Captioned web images
--- --- ---

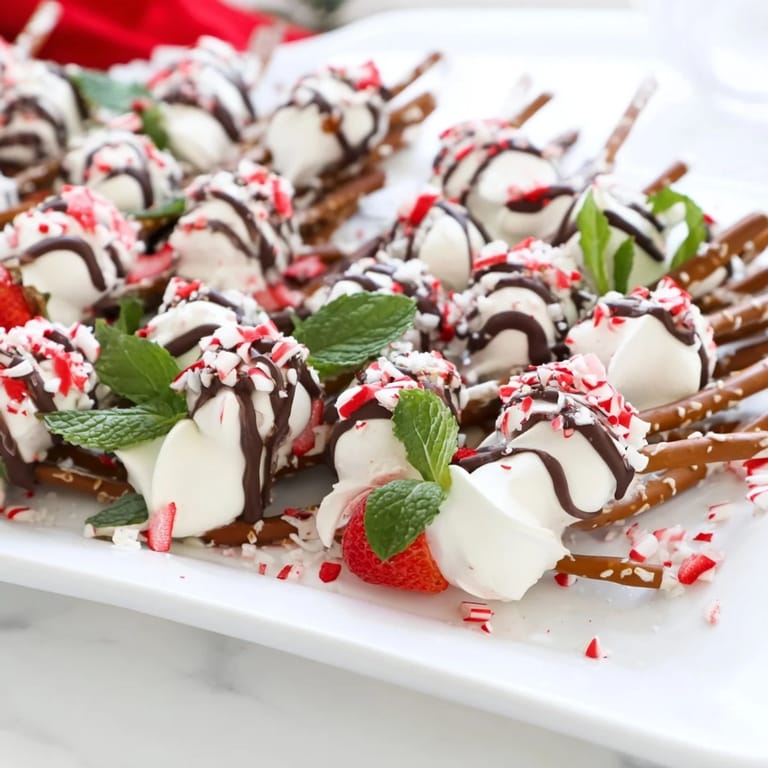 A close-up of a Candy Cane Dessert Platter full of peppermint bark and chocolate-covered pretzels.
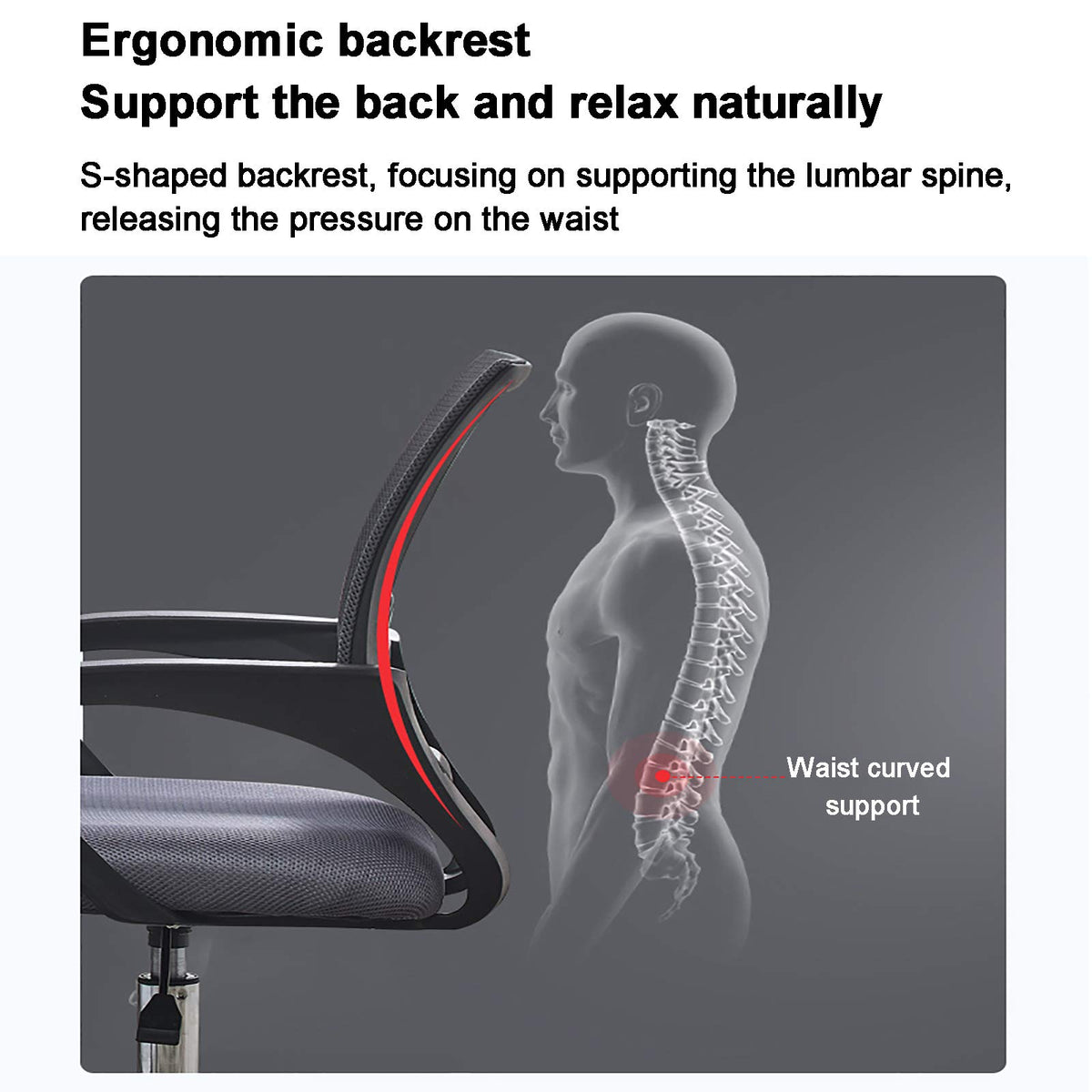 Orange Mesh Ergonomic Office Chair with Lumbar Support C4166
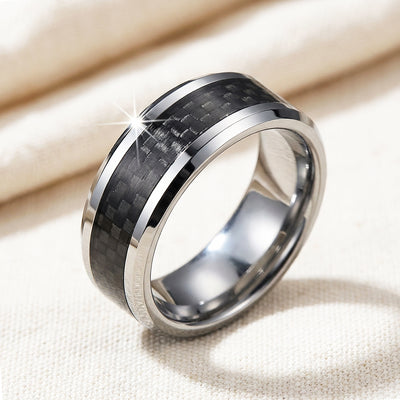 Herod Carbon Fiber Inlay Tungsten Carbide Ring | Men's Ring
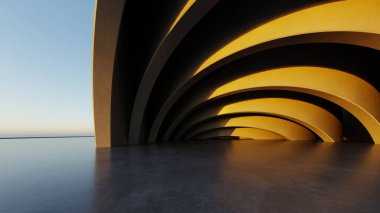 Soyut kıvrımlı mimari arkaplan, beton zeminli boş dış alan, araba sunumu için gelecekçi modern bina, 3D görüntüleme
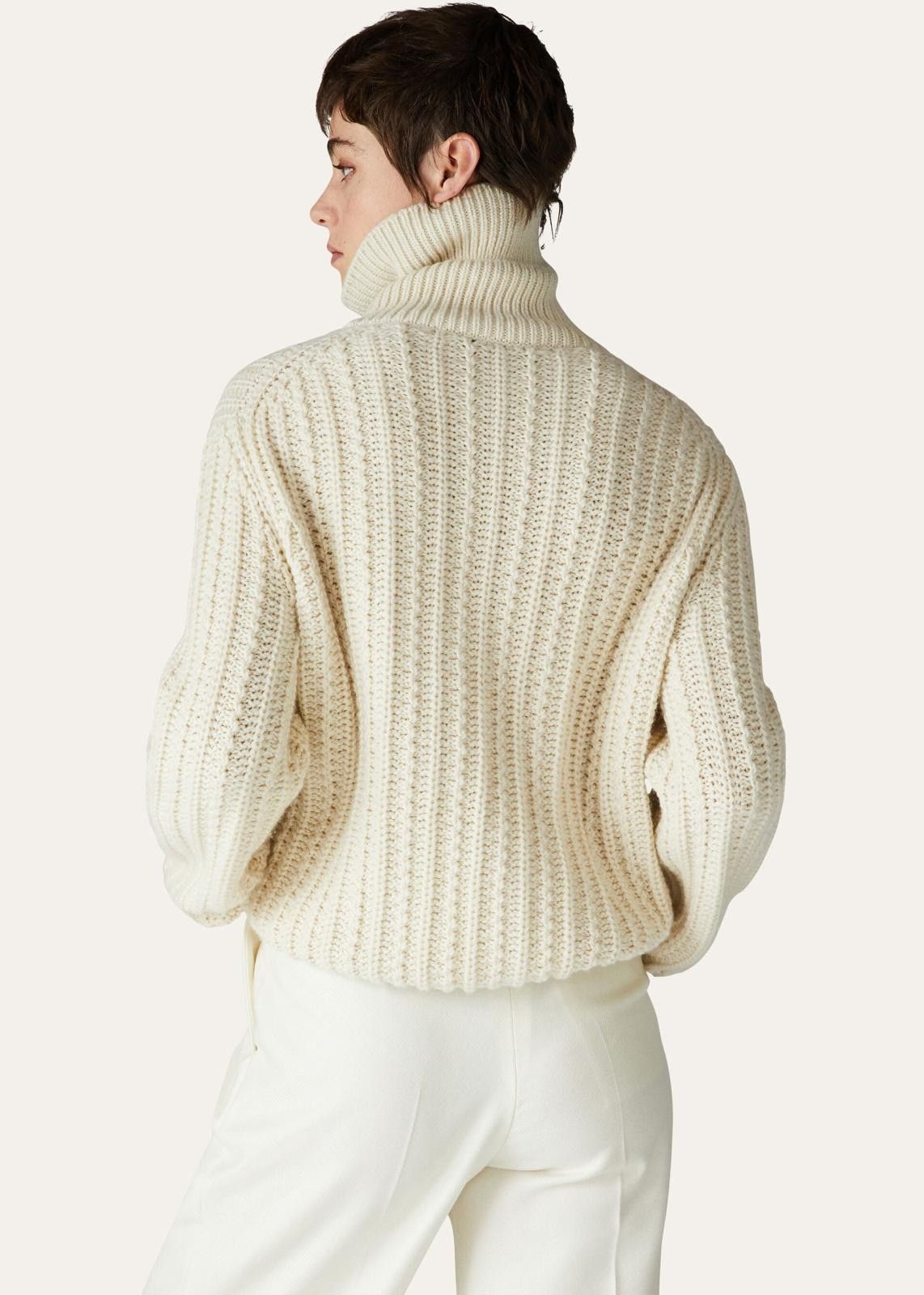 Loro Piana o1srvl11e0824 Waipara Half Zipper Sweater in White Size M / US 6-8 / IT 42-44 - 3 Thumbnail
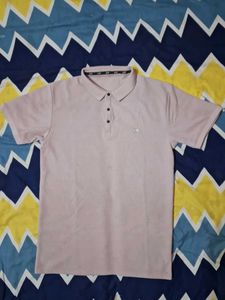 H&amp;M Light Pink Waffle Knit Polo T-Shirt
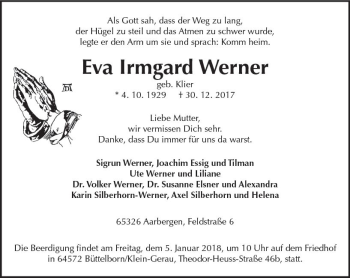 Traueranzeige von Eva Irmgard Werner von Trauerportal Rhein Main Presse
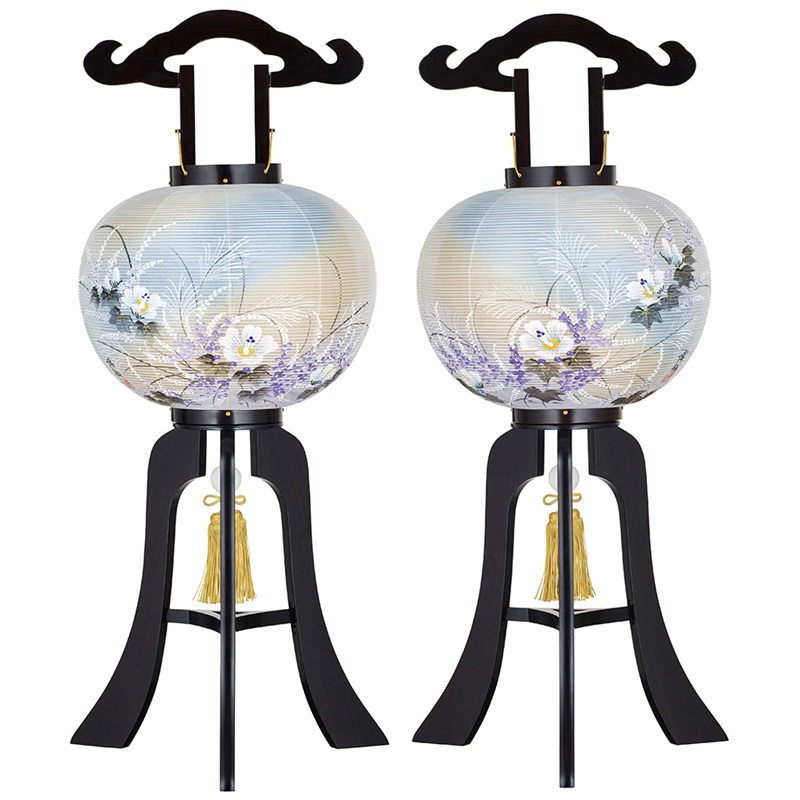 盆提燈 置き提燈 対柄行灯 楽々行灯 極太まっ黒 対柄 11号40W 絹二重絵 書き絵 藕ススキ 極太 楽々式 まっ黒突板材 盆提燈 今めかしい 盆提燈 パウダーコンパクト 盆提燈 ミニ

--- --- ---

Task brief: The answer must be the lines from the first one in the records through the line containing "Traueranzeige von Eva", copied exactly, with no pictures.

Answer:
 A close-up of a Candy Cane Dessert Platter full of peppermint bark and chocolate-covered pretzels.
 Orange Mesh Ergonomic Office Chair with Lumbar Support C4166
 Herod Carbon Fiber Inlay Tungsten Carbide Ring | Men's Ring
 Soyut kıvrımlı mimari arkaplan, beton zeminli boş dış alan, araba sunumu için gelecekçi modern bina, 3D görüntüleme
 Loro Piana o1srvl11e0824 Waipara Half Zipper Sweater in White Size M / US 6-8 / IT 42-44 - 3 Thumbnail
 H&amp;M Light Pink Waffle Knit Polo T-Shirt
 Traueranzeige von Eva Irmgard Werner von Trauerportal Rhein Main Presse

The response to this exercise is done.